Records for this exercise: Begin

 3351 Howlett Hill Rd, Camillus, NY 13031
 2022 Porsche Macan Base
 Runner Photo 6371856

Records for this exercise: End
Records for this exercise: Begin

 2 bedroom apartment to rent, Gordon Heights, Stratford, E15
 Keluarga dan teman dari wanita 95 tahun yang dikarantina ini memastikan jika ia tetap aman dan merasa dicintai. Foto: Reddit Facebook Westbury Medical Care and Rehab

Records for this exercise: End
Records for this exercise: Begin

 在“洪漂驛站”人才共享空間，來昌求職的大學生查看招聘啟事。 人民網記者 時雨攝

Records for this exercise: End

* [What is required] Beginning at the line above with "3351 Howlett Hill Rd, Camillus, NY 13031" and finishing at the line with "Runner Photo 6371856", return each line exactly and return nothing else.

* [Written response]
 3351 Howlett Hill Rd, Camillus, NY 13031
 2022 Porsche Macan Base
 Runner Photo 6371856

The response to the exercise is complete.